Exercise
Among the entries below, please repeat exactly and only the lines from the line containing "1 Airlaid Tischdeckenrolle" to the line containing "Flag of Cameroon.", both lines included.

Records from a dataset
+ + + +

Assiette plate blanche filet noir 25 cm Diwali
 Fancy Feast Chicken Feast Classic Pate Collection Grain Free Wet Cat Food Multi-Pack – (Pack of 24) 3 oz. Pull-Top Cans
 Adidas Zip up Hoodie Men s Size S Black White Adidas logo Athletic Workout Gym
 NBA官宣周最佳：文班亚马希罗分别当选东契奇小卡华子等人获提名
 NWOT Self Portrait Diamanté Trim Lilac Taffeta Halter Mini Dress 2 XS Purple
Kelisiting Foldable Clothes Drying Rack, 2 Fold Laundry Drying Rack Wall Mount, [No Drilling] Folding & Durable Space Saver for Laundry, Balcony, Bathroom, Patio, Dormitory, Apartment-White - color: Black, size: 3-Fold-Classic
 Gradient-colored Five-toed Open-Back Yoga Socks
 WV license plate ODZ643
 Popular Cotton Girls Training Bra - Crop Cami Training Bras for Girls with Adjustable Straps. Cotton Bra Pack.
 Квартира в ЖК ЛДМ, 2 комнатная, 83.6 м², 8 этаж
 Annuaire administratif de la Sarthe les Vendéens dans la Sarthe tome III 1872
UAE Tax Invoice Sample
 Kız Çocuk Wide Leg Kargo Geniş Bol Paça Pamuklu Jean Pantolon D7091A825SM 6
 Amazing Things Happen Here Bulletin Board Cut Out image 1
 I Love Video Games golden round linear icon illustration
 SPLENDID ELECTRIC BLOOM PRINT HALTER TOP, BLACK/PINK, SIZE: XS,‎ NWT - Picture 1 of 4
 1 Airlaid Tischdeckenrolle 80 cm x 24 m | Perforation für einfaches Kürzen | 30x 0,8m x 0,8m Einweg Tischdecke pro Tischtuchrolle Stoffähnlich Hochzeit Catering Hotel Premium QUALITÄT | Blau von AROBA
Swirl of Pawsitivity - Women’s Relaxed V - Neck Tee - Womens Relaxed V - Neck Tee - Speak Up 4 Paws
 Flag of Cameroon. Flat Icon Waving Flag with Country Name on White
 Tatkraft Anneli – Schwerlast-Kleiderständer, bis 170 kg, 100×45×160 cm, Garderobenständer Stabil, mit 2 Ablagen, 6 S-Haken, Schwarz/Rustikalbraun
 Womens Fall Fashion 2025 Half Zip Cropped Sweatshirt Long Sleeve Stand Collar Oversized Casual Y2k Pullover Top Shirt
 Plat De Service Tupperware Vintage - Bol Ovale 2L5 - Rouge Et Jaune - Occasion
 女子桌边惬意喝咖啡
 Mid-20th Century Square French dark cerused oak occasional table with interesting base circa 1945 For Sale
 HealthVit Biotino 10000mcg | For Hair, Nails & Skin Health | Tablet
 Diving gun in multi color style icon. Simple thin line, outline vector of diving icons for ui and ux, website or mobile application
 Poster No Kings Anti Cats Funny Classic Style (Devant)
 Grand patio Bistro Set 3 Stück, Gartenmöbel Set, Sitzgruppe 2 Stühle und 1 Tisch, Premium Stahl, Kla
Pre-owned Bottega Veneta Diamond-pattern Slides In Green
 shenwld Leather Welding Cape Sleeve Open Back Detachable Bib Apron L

+ + + +

Answer to the problem
 1 Airlaid Tischdeckenrolle 80 cm x 24 m | Perforation für einfaches Kürzen | 30x 0,8m x 0,8m Einweg Tischdecke pro Tischtuchrolle Stoffähnlich Hochzeit Catering Hotel Premium QUALITÄT | Blau von AROBA
Swirl of Pawsitivity - Women’s Relaxed V - Neck Tee - Womens Relaxed V - Neck Tee - Speak Up 4 Paws
 Flag of Cameroon. Flat Icon Waving Flag with Country Name on White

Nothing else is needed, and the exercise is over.